If anyone was saying that the absence of any of those things
is "a fault of people working on the kernel", then I missed it.
I don't know what research there is. What there is is probably
in Lisp machines, though.

In response to the other things I mentioned, Marcin has
asked some interesting questions. Before I try to answer
them, I'd just like to quote something I wrote in the
grandparent of this article that got snipped:

  | I don't claim that all (or even any) of these are good things,
  | let alone worth the trouble to do. Some of them I've described
  | vaguely and may not even make sense when examined closely :-).

>>   - System calls that accept and return values of a rich set of
>>     types, rather than coercing everything into C-like strings,
>>     small integers and simple structures.
> 
> What types? More complicated types means harder interoperability
> with other languages. There is no chance that a structured type
> with pointers would match the representation demanded by a random
> implementation of a HLL.

The question was: "What kinds of things could a kernel
provide that would be useful for Lisp?". If the kernel
provides something that's useful for implementations of
Lisp targeted at that kernel, that's enough to be an
answer to the question, even if it's not also useful
for a random implementation of a random language.

(Why worry about *random* implementations, anyway? Do
people generally write language implementations at random?
If some OS kernel provided features that made it possible
to make better Lisp implementations, then authors of
Lisp implementations could adjust the implementations
to use the kernel's features.)

> For example currently a file size is reported in 64 bits (if I use
> a modern API). I can translate it to my representation of fixnums +
> bignums which use my favourite bignum library. If it was represented
> as typical to Lisp implementations, i.e. a tagged union of fixnums
> and some representation of bignums, conversion would be harder, not
> easier, especially in the bignum case. Unless the representation
> already matched exactly, but this would be unlikely. Or do you say
> that all languages must use the same bignum representation? Which one?
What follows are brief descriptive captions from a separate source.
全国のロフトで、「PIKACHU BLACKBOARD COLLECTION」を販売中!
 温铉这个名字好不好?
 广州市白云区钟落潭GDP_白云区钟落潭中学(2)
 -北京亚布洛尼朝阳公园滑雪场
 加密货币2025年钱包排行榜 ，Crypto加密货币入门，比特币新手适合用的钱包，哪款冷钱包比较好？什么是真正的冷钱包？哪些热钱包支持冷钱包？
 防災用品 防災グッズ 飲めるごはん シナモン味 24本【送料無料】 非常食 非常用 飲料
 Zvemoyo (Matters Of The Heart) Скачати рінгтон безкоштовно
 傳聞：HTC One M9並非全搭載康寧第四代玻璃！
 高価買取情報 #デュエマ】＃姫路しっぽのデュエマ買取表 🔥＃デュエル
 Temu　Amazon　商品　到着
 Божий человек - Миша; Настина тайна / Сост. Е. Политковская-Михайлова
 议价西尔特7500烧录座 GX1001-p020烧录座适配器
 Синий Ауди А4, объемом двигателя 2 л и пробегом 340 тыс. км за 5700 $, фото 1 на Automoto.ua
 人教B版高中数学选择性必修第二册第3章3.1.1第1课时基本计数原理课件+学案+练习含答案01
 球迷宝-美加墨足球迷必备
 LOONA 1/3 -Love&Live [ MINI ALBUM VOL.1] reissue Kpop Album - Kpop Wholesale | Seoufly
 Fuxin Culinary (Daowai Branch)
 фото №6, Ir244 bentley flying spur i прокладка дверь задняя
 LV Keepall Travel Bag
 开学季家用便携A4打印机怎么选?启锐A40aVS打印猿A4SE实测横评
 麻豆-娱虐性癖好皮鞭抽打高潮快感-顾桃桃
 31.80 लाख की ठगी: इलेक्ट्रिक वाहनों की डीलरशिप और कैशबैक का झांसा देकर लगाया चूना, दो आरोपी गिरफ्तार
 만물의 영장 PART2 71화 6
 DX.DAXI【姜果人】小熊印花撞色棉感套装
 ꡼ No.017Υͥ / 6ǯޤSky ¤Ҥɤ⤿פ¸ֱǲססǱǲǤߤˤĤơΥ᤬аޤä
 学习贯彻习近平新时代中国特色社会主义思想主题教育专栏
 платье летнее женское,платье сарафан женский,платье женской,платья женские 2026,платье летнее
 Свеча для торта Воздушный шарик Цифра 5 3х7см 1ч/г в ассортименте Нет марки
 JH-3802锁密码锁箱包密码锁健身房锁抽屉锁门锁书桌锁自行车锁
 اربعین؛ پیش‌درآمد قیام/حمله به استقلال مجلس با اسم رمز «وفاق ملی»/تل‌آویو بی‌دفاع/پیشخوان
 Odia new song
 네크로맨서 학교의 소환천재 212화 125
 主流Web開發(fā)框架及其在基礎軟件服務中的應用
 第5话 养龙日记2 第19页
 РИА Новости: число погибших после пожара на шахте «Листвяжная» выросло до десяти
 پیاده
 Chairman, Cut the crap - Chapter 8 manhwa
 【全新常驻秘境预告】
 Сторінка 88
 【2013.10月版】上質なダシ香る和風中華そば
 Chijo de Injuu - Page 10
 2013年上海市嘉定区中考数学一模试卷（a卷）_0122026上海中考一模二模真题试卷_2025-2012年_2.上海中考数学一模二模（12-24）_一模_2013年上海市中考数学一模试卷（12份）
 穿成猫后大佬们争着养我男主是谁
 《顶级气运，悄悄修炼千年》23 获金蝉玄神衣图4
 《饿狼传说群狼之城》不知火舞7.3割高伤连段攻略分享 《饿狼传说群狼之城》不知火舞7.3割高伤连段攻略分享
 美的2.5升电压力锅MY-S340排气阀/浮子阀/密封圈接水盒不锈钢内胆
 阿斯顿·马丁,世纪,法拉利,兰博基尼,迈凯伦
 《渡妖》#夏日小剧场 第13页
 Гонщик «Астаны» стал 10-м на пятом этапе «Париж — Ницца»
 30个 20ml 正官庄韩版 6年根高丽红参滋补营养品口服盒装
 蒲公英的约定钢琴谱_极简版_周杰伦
The question was: what could a kernel provide that would
be useful for Lisp? If using bignums for file sizes were
a win (which it's not clear that it would be) then that
feature, if done right, could be useful to people implementing
Lisp on that platform.

It might, indeed, make life harder for users of other
languages. That would, indeed, be a reason not to do it.
But suppose you didn't care about any language other than
Lisp; then it's pretty clear that you can make a better
OS kernel *for use with Lisp* -- that's what the Lisp
machines had, and there's every indication that it worked
very nicely for them.

> Richer types would only be an advantage if all HLL implementations
> decided on a common runtime, like .NET is trying to do. I don't
> believe people are able to design a universal runtime suitable for
> diverse languages, especially one which will not become obsolete in 10
> years.

I agree.

>        .NET itself is good for C# but poorly suited for dynamically
> typed languages (you can't have a sensible tagged union of fixnums and
> bignums, you would have to keep fixnums on the heap).

It's not *that* bad for dynamic languages. There's an
implementation of Python on top of the .NET virtual machine
that runs appreciably faster than the implementation in C.
Which isn't all that surprising, and doesn't indicate that
you could build a really good Lisp implementation on .NET,
but (as I say) it's not all *that* bad.

>>   - A richer model of persistent storage than the traditional
>>     bag-o'-byte filesystem.
> 
> Which model would be better? The power of the bag-o'-byte mechanism
> is that it's not trying to constrain the structure of files. It means
> that other protocols are built on top of it, they don't need to
> replace it in case some predesigned structure was ill-suited for
> a particular problem.

Sure. But there's a cost to doing that. For instance,
the OS doesn't know much about what you're keeping in
that bag o' bytes, which may hamper its ability to
do a good job of cacheing and/or prefetching useful
things.

Again, the bag o'bytes may in fact be exactly the optimal
abstraction for a filesystem given the limitation of our
ability to foresee what others will invent. But it's not
clear that it is. Especially, again, if for some reason
we're only interested in the question "how good can we
make this for Lisp?".

>>   - An IPC mechanism better suited to high-level languages.
> 
> Which mechanism? CORBA? SOAP?

Dunno.

>                               Anyway, they are user-level, built on
> top of kernel-level streams of bytes, which I consider a good thing.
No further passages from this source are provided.